Prazos para retirada
A retirada das tropas americanas do Afeganistão foi acertada em negociações diretas entre o governo americano e representantes dos talibãs no ano passado, ainda no governo Trump, em circunstâncias pouco claras. Além da promessa da retirada, que surpreendeu aliados e mesmo integrantes do governo afegão, há uma iniciativa para um acordo entre o Talibã e as autoridades de Cabul, ainda em andamento e com muitas questões em aberto .

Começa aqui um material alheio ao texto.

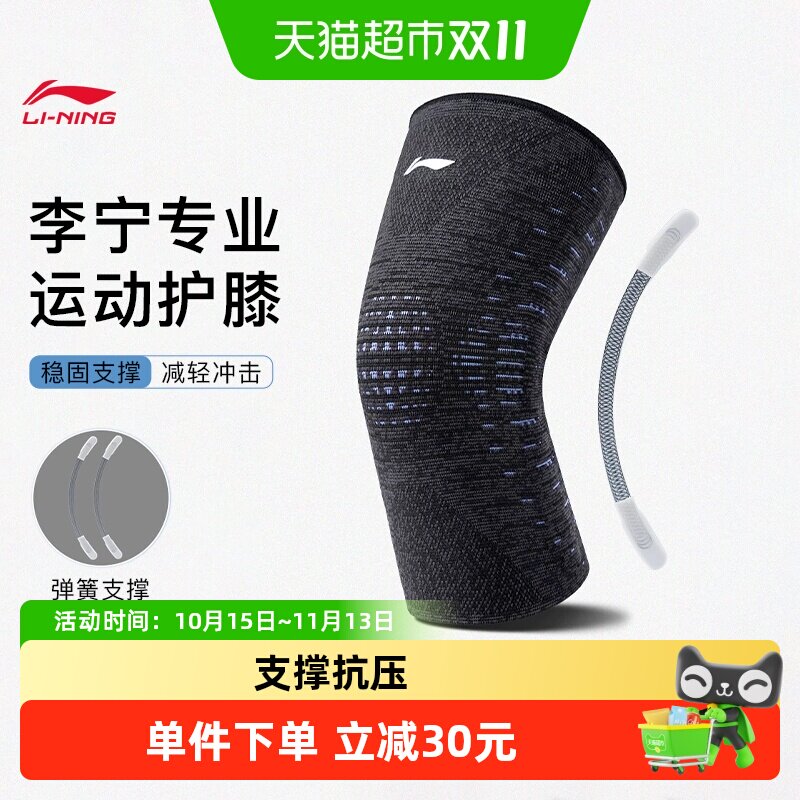 Lining/李宁运动护膝硅胶弹簧支撑男健身跑步女羽毛球半月板防护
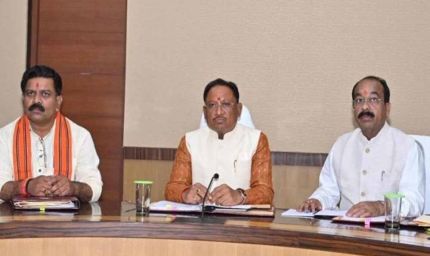 साय मंत्रिपरिषद ने IT उद्योग के लिए रियायती भूखंड आवंटन को दी मंजूरी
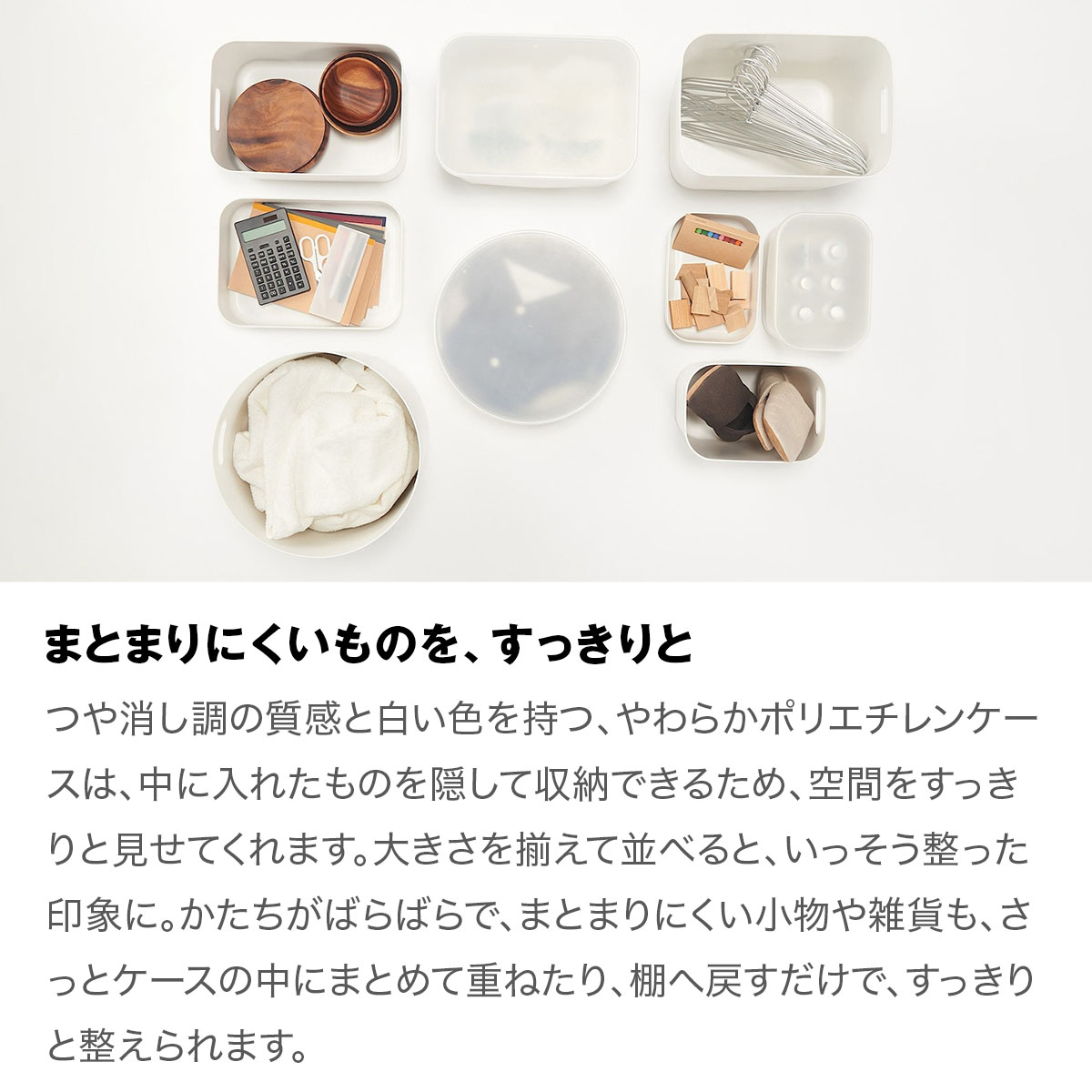 無印良品 公式】やわらかポリエチレンケース・深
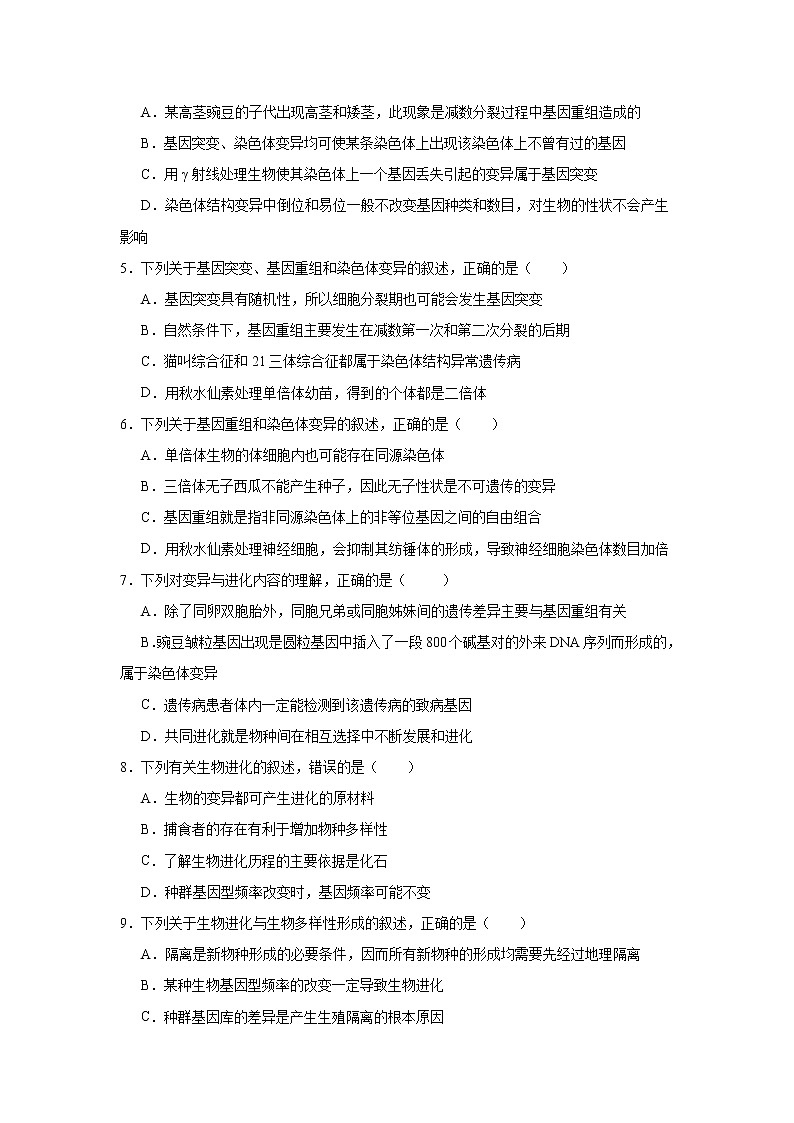 【生物】湖北省龙泉、巴东2所重点高中2019-2020学年高二上学期十月联考试题02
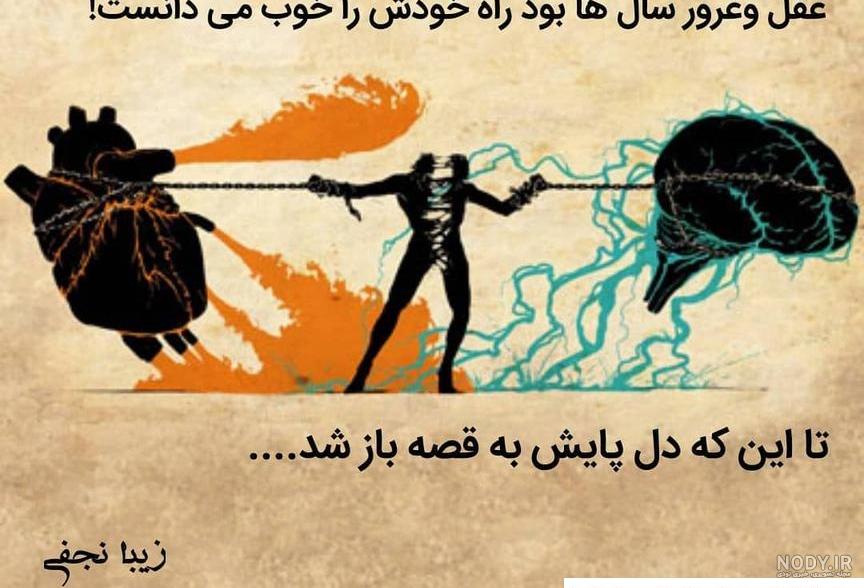 عکس نوشته پسرانه سنگین | عکس پروفایل خاص و خفن پسرانه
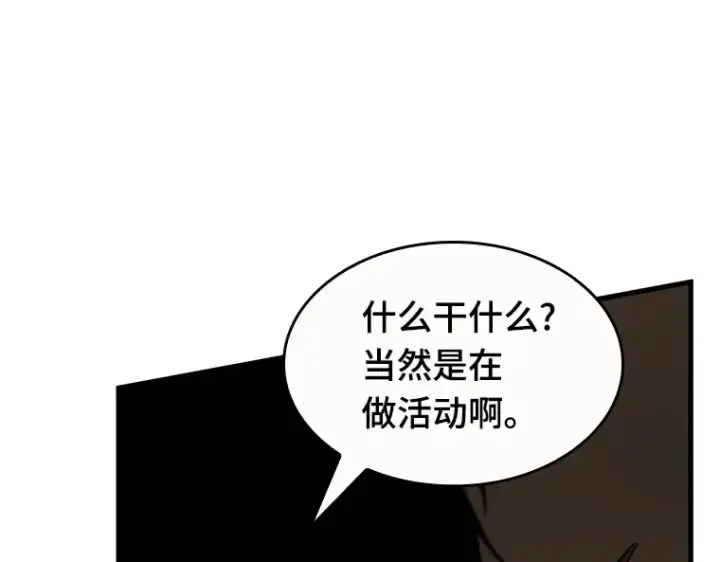 漫画《全知读者视角》086 读者的战斗（4）第126张图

Segundo o New York Times, os dados de inteligência usados por Biden estão prontos desde o ano passado, mas Trump, mesmo assim , quis pressionar pela saída completa até maio. Biden foi mais cauteloso, sinalizando que não vai cumprir o prazo, mas declarando que “não pode imaginar” as tropas no país no ano que vem.
Os Talibãs já informaram que esperam que o combinado seja cumprido, ou seja, que as tropas estrangeiras saiam em breve. Caso contrário, prometeu retomar os ataques contra as forças de intervenção.
Mas enquanto boa parte da comunidade militar e de inteligência pressiona pela permanência, alguns integrantes do governo veem com certo ceticismo as informações dos relatórios. Segundo o New York Times, não há sinais de um reagrupamento de organizações terroristas em solo afegão — e o fato dos talibãs serem rivais do Estado Islâmico contribui para esta posição. Há ainda o debate sobre até que ponto a presença militar americana serve como um freio para o desenvolvimento pleno do Afeganistão.
A Casa Branca afirma que uma decisão final ainda não foi tomada. Uma revisão sobre a política americana para o Afeganistão ainda está sendo feita, e deve ser concluída em abril.